Eine Serie als Lagerfeuer für alle

Voll im GoT-Fieber ist auch der ZEIT-Redakteur Lars Weisbrod. Sein Twitter-Profil hat er im Stil der Serie verkleidet. Für ihn ist das Besondere an GoT vor allem das Gemeinschaftserlebnis:

"Das war das letzte Mal, dass es ein so großes Ereignis sonntags gab und wir haben montags drüber gesprochen. Das wird so schnell nicht nochmal kommen."

Weisbrod fasziniert die neue Art der Erzählung, die die Fantasy-Welt von Game of Thrones eröffnet und die die Zuschauer*innen trifft: "Man geht mit Schmerzen raus, weil wieder was passiert ist, was man nicht erwartet hat. Man leidet echt - aber man sucht das dann natürlich auch, damit man sich da spürt."

Warum aber funktioniert diese Serie international und über die Generationen hinweg so gut? Und warum haben aufgeklärte Menschen weltweit so viel Lust, sich in die mittelalterlichen Strukturen der sieben Königslande hinein zu begeben?

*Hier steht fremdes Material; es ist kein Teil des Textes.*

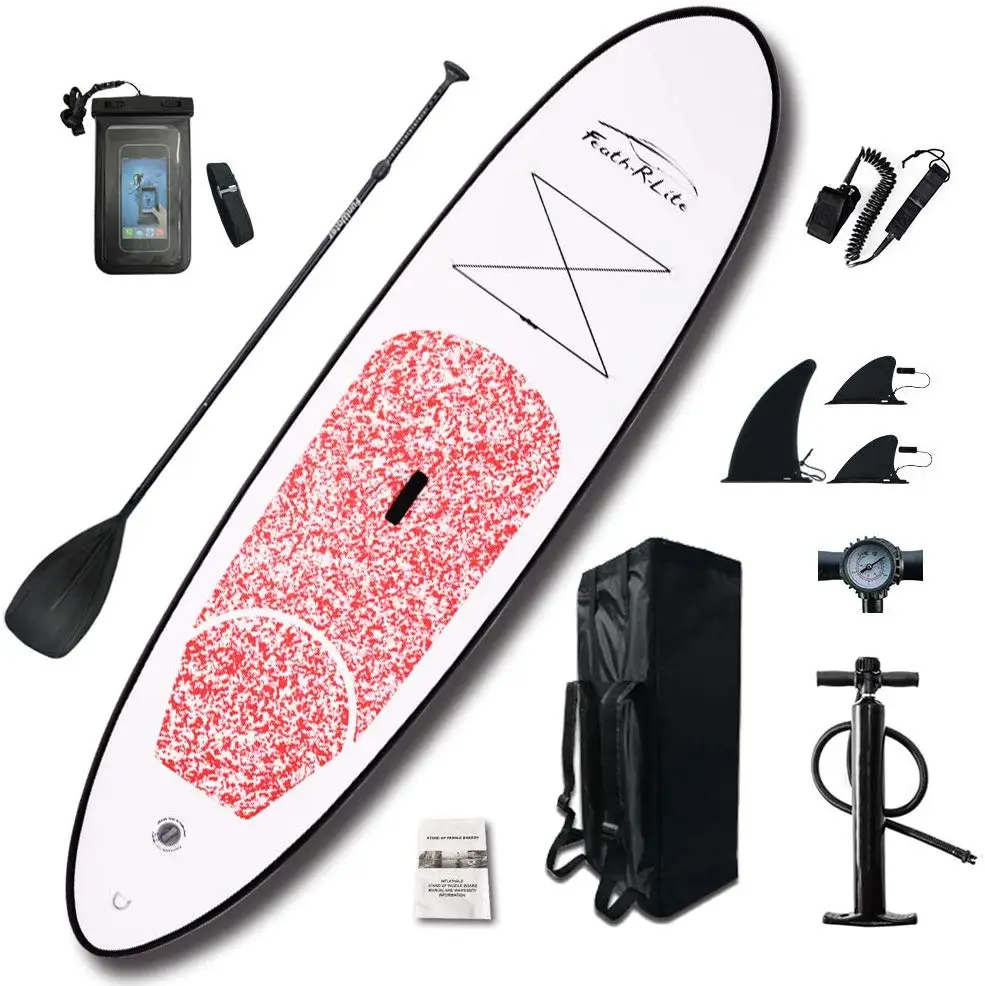 

New Inflatable 10'×30"×6" Ultra-Light SUP for All Skill Levels Included with Paddle Board Adj Pump Backpack Leash Waterproof Bag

Der Film- und Kulturwissenschaftler Marcus Stiglegger hat ein paar Thesen. Im Podcast sagt er unter anderem: "Das ist eine international verständliche Codierung von mythischen Grunderzählungen, die man2 auch in anderen Kulturen wiederfindet; von daher ist es so, dass da ein großer Vertrautheitseffekt bereits in den Erzählmustern ist."

In GoT steckt auch jede Menge Geld

Vom Serienhype um "Game of Thrones" profitiert unter anderem das Portal serienjunkies.de. Dort wird derzeit nach jeder Folge gepodcastet – in stundenlangen Episoden wird jedes Detail der Serie hinterfragt. Nerdtum oder angemessen?

Hanna Huge von serienjunkies.de sagt uns über die Ursachen des Hypes: "Es ist ein wahnsinnig spannendes Thema, spannende Charaktere, die eine sehr interessante Entwicklung durchmachen - und wir dürfen nicht vergessen, da steckt auch wahnsinnig viel Geld drin: HBO hat 50 Millionen für die erste Staffel ausgegeben, was damals eine Menge war, mittlerweile ist das Budget verdoppelt, verdreifacht, munkelt man."